Regarding the attitudes of dental practitioners towards prescribing antibiotics prophylaxis to prevent infective endocarditis, the cardiac conditions which are at high risk of developing adverse events were associated with the highest percentage of correct responses. The highest percentage of correct responses were founded for patients with prosthetic heart valves and for previous infective endocarditis illness which were in agreement with other studies in the world 45, 46 and in the Arab countries (Lebanon and Saudi Arabia). 39, 47 Al Fouzan et al 47 in their study reported that 92.6% % of dentists would prescribe antibiotics for patients with a prosthetic heart valve and 87.5% for patients with previous infective endocarditis illness. Mansour et al 39 found that the highest knowledge was for prosthetic cardiac valves [96.4%], followed by previous infective endocarditis [80.3%]. According to the above-mentioned guidelines, only patients at high risk for developing IE should receive short term prophylaxis antibiotics before dental procedures.
Conclusions
The results of this study suggest that dental practitioners in Amman city have prescribed antibiotics without a rational scientific clinical basis in endodontic cases not indicated for antibiotics therapy. This study highlighted the importance of continuous dental educations and the developments of national and local antibiotics guidelines to rationalize the use of antibiotics in Dental Practices.

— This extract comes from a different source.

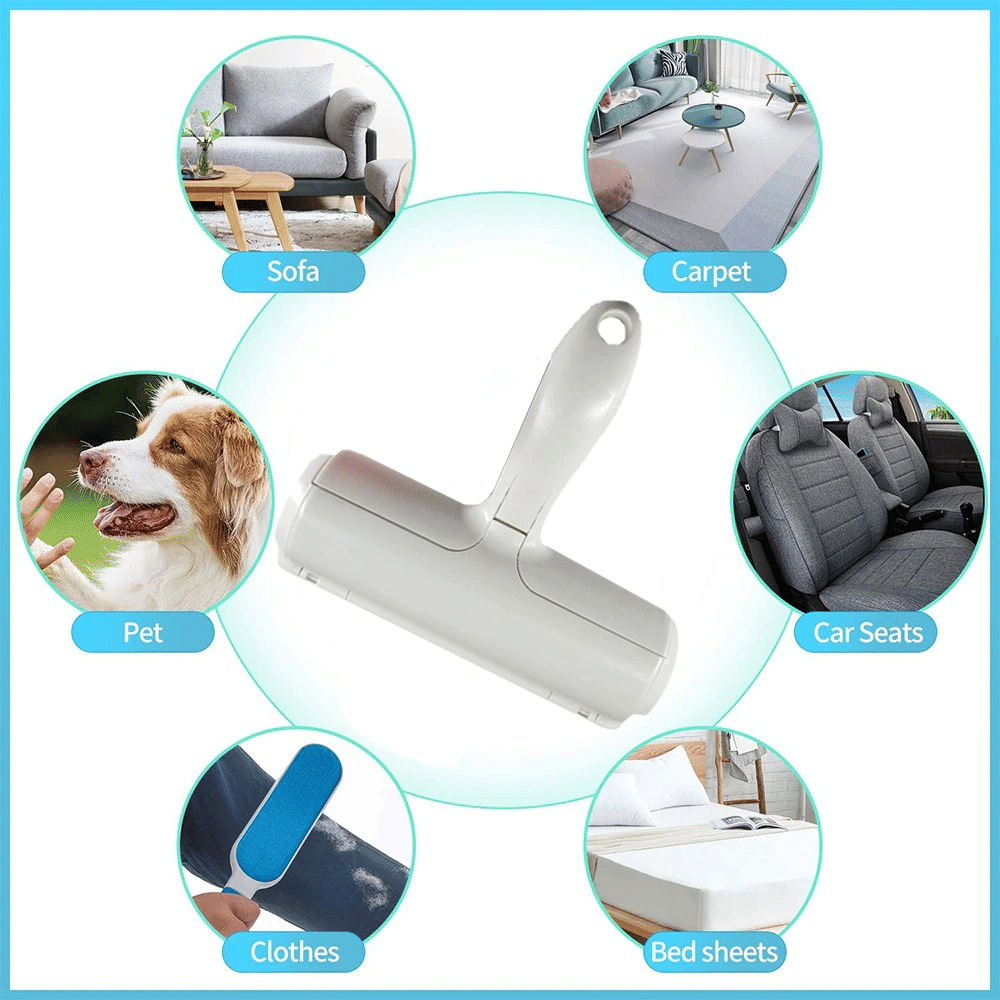 Pet Hair Roller Remover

Appropriate and correct use of antibiotics is essential to ensure safe and effective treatment. To improve standards of care and prevention of microbial resistance dentists should have a greater understanding of the disease process, an enhanced awareness of antibiotics in clinical situations. Finally, dental antibiotic stewardships becoming a critical need to audit the trend of antibiotics consumption and the antimicrobial susceptibility of endodontic pathogens that should be monitored periodically.